MySQL Bugs: #110663: Pagetracking return null data if checkpoint LSN is less than page tracking start

Bug #110663	Pagetracking return null data if checkpoint LSN is less than page tracking start
Submitted:	12 Apr 2023 3:50	Modified:	17 Apr 2023 10:59
Reporter:	Rahul Malik	Email Updates:
Status:	Verified	Impact on me:	None
Category:	MySQL Server: InnoDB storage engine	Severity:	S3 (Non-critical)
Version:	8.0.32	OS:	Any
Assigned to:		CPU Architecture:	Any
Tags:	Contribution, mysqlbackup

Description:
Background
When we start page tracking,  it is started from the current system LSN A. This means all the pages that are flushed after that are tracked. 
After some time If I am interested in knowing the count of modified pages at the time I started page tracking till the current moment(current checkpoint LSN B) .  MySQL provides an interface
Select mysqlbackup_page_track_get_changed_page_count( A,B); 
Where A is the LSN when the page tracking was started.  B is checkpoint LSN. If we provide B=0, B would take the current checkpoint LSN. 
Problem
MySQL has put a restriction that checkpoint LSN B > A.  For a system with a huge redo current system LSN and checkpoint LSN could be apart. 
A could be greater than B even after some time. 
If our interest in knowing all modified pages to the moment.  Why do we need this restriction? 
I tried removing the restriction. I can get changed pages successfully.  I checked the clone which also need pagetracking data and there is no restriction. 
Please see if there is a reason for this restriction or if we can remove that. 

How to repeat:
start page-tracking on the server where checkpoint LSN(B) is way behind the current system LSN. Assume it is page tracking is started at LSN A. so LSN A >> B

Afer some time if checkpoint LSN is progress to C. where A > C. 
we can not query page-tracking data unless A<= C. 

which is an artificial limit.

Suggested fix:
Remove this limitation with the attached patch.

Even if the pagetracking was started before the full backup once can not take an incremental backup until system checkpoint LSN is more than pagetracking start LSN. 

This would allow un necessary failure of incremental backups using pagetracking.

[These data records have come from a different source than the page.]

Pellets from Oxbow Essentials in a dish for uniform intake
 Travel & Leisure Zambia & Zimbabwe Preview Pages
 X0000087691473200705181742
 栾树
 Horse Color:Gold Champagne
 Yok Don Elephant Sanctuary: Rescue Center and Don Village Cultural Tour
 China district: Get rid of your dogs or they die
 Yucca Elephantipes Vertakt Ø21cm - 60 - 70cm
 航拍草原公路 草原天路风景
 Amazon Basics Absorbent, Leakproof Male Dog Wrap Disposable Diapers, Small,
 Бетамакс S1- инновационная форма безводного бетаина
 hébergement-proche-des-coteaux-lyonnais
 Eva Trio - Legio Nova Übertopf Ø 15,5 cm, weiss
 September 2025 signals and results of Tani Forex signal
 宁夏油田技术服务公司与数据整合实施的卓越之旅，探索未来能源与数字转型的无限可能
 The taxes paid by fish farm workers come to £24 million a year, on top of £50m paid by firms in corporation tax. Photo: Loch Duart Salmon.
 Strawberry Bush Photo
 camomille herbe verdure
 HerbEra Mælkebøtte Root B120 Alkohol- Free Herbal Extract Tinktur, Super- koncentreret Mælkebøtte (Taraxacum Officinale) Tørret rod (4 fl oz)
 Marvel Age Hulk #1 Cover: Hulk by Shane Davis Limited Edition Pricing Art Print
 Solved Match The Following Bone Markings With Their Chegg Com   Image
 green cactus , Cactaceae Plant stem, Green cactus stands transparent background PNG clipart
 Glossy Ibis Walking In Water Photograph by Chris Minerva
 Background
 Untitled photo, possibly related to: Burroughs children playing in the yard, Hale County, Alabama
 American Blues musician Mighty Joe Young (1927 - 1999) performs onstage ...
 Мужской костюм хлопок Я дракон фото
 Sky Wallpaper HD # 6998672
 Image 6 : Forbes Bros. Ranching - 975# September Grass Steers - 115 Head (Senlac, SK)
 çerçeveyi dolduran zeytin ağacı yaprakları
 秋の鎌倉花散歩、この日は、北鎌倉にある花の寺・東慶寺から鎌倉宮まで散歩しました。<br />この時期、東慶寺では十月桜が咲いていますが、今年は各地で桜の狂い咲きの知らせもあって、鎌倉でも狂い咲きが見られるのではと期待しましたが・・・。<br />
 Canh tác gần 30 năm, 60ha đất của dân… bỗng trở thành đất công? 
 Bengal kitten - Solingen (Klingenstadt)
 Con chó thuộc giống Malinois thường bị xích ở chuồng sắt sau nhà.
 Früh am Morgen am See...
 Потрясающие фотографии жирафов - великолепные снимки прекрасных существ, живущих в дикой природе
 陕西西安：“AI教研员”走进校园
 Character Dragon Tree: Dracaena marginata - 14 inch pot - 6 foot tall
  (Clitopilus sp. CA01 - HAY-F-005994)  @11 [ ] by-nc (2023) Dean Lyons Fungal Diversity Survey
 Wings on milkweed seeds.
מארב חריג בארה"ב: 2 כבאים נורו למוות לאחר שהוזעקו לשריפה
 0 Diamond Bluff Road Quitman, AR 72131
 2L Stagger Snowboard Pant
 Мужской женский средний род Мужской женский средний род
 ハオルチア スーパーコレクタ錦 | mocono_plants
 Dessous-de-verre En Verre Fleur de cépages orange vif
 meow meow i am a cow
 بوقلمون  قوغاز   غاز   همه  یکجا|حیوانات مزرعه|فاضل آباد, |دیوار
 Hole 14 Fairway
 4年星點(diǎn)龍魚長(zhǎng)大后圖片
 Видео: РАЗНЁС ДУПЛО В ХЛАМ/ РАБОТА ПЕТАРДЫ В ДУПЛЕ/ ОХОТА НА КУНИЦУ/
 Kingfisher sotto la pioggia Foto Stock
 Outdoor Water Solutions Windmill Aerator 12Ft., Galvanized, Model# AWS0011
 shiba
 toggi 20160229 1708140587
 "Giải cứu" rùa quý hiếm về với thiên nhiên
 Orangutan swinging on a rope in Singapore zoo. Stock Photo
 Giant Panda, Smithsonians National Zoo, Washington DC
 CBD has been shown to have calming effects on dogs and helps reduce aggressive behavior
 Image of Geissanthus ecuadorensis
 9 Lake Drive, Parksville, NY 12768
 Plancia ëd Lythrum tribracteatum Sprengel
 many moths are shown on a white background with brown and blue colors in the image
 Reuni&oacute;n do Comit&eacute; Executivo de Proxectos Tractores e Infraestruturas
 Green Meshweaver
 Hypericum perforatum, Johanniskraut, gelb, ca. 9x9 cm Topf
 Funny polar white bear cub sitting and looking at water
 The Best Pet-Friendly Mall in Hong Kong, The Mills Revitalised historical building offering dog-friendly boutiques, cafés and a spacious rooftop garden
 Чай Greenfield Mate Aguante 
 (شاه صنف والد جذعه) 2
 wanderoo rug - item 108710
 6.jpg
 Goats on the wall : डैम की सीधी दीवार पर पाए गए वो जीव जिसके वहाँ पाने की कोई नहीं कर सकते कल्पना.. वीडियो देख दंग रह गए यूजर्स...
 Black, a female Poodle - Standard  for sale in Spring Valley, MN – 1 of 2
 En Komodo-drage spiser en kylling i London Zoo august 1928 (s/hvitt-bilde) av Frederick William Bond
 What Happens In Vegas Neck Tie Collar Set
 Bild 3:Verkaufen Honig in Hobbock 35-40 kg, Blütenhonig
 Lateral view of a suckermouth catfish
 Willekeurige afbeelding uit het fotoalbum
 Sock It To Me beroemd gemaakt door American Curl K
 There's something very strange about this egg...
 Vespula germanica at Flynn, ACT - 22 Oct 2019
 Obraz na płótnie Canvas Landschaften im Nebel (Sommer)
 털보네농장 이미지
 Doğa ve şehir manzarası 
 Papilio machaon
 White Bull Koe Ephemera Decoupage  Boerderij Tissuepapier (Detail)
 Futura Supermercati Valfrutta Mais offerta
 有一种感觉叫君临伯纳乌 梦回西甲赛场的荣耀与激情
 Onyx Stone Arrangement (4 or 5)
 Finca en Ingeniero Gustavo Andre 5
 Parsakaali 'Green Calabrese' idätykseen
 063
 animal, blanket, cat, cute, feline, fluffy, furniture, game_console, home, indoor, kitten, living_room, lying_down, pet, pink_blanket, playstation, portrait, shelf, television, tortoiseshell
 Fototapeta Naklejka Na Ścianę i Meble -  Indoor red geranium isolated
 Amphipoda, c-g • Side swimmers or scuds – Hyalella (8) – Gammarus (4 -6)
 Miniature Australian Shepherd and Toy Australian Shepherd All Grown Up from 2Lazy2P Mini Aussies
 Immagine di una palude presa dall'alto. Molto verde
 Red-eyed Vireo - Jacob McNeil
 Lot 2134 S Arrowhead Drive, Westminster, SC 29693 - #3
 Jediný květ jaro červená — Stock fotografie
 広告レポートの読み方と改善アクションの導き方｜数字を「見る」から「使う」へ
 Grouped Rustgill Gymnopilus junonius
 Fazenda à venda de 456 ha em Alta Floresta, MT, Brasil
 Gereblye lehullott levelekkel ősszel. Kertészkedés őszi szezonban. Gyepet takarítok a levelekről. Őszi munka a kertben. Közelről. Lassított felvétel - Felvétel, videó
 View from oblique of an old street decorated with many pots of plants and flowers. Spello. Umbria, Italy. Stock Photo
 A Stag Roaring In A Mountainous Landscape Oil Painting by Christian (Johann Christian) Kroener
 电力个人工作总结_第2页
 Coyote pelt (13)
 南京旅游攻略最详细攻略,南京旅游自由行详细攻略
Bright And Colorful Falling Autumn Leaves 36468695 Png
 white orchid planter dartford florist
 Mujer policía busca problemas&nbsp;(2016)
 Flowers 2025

patch to remove restriction

Attachment: remove_condition_page_tracking.patch (application/octet-stream, text), 1.40 KiB.

Hello Rahul,

Thank you for the report and contribution.
Please ensure to re-send the patch via "Contribution" tab. Otherwise we would not be able to accept it.

regards,
Umesh

fixed (*) I confirm the code being submitted is offered under the terms of the OCA, and that I am authorized to contribute it.

Contribution: remove_condition_page_tracking.patch (application/octet-stream, text), 1.40 KiB.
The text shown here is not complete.